I agree in thinking that Null Rod is a poor choice for the reasons you presented. Spell Snare is out for game two against a qualified opponent in most cases, so I don't see that as a problem. However, having 2 lands and a Null Rod in a deck with less land than Stompy of old is. I do like the idea, I just see it being a rare hand that supports the three cards necessary to cast Rod and a proper engine (Non-Breakthrough outlet + Dredger). I am therefore skeptical that it earns its place. It's clearly better overall than Chalice, but the difference is that I own the CotV and we have a handful of TEPS and Belcher decks that rely on their own LEDs, Moxen, etc.

Point well taken about the Angel of Despair, which I'll bump to the board in favor of a mana source. I had it in there as a means of stalling when I didn't have Sage, but I've only DR'd it a few times to deal with Moat, etc. and never DR'd it during the tourney. I saw no maindeck hate, so it was a poor meta call on my part.

I contest the assumption that I'm somehow sacrificing a significant percentage by playing Sage. In games where Sage is going to take it down, I'll be damned if I don't Therapy and Unmask a clearing. Top is the only way around the discard, and I'm willing to take that concession on the chin for the two-card combo. Furthermore, I don't see how my updated list is deprived of game ones just because I choose to have a combo element to this system deck. Playing this as an aggro deck is a depressing idea to me, so I will have to take issue with that concept of play. The primary win condition of this deck should not be attacking with Grizzly Bears and Ashen Ghouls, it should be creating a combo that generates copious amounts of them. It really isn't the attacking that wins the game (obviously it is technically what reduces your opponent's life from 20 to 0), it's the sheer amount of duders generated. The duders could just as easily represent the repeat-effect kill condition of any other combo deck; they could be mana in Academy, copies of Tendrils, Squirrels in Earthcraft, etc.

This discussion actually came up at the tourney, with two or three Ichorid players debating the nature of the deck. I said it was a system, one guy said it was definitely aggro with a combo, and the last fellow said it was strictly a combo deck. It just goes to show the many interpretations of how the deck should function. I think my latest list, which cuts an Angel and an Unmask for Citadels and has only a handful of DR targets, reflects this deck's ability to remain a system but have the options of an aggro or combo kill.

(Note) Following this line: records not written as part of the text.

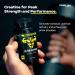 Prime Labs Creatine Capsules - 5g Creatine Monohydrate Pills for Muscle Growth & Recovery - 120 Count - Best Workout Supplement for Men & Women - Buy Online on GoSupps.com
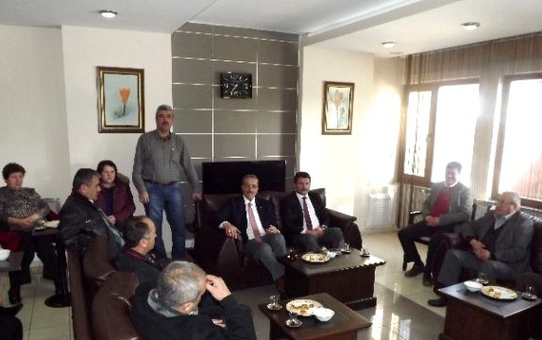 Öz Orman İş Sendikası İşçilerle Buluştu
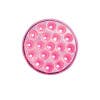 4" Round Dual Revolution Breast Cancer Awareness Pink/Red Stop Tail Turn Combo Light - Pink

P.S. You make excellent points, if a bit...clipped. Did I say something that rubbed you the wrong way? If I did, I'm honestly sorry.

lorddotm
08-29-2009, 11:37 AM
Not that I'm going to question you, but I've never seen Tendrils played at Knight Ware, and there is only one Belcher deck. Seems like the Chalices could be better off as something useful, such as TT?

pointofinfo
08-29-2009, 03:18 PM
Not that I'm going to question you, but I've never seen Tendrils played at Knight Ware, and there is only one Belcher deck. Seems like the Chalices could be better off as something useful, such as TT?

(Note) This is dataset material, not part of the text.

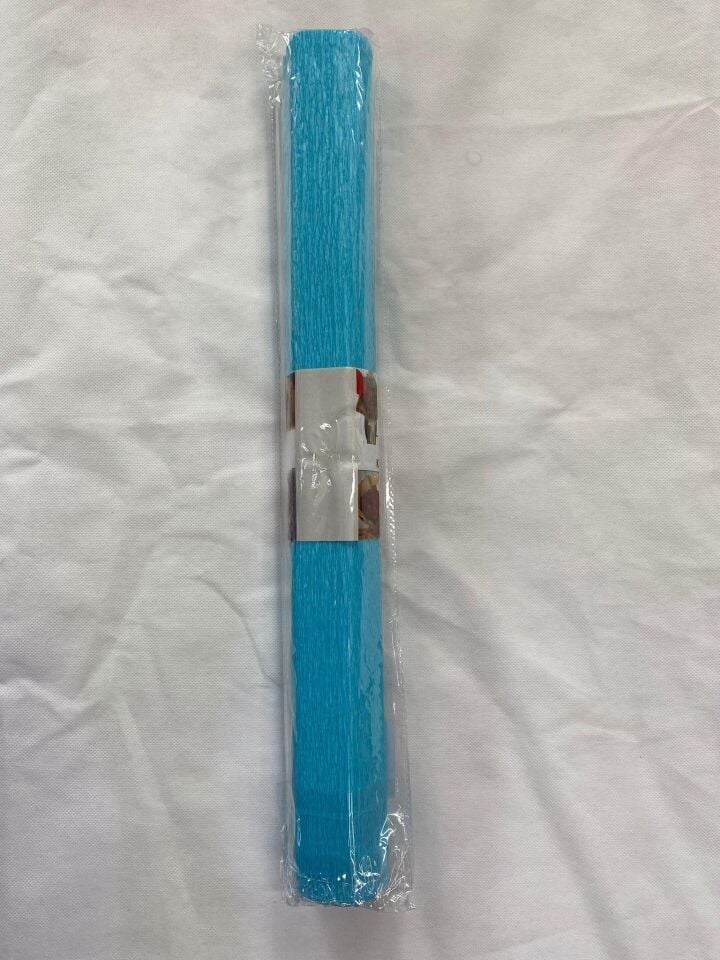 KREPON KAĞIDI  İTHAL 50CM*2.5M. A.MAVİ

Heh, I guess I was just shooting at the barn with those. They were partially for Tormod's Crypt, as they can act like Needles 5 and 6 against it, and they wouldn't have been bad against the other two Ichorid decks I saw, which both ran LED/Analysis. I hadn't played in the last Legacy tourney, so I didn't know what would show up, which unfortunately resulted in my dead DR targets in the board.

Oh, and just because it's really easy and your sig opens this topic up: I would love a great pair of TTs, but I'm not sure when I would ever grab them.

nrabbit
08-29-2009, 07:59 PM
Not that I'm going to question you, but I've never seen Tendrils played at Knight Ware, and there is only one Belcher deck. Seems like the Chalices could be better off as something useful, such as TT?

I know there was one Tendrils deck the last tournament.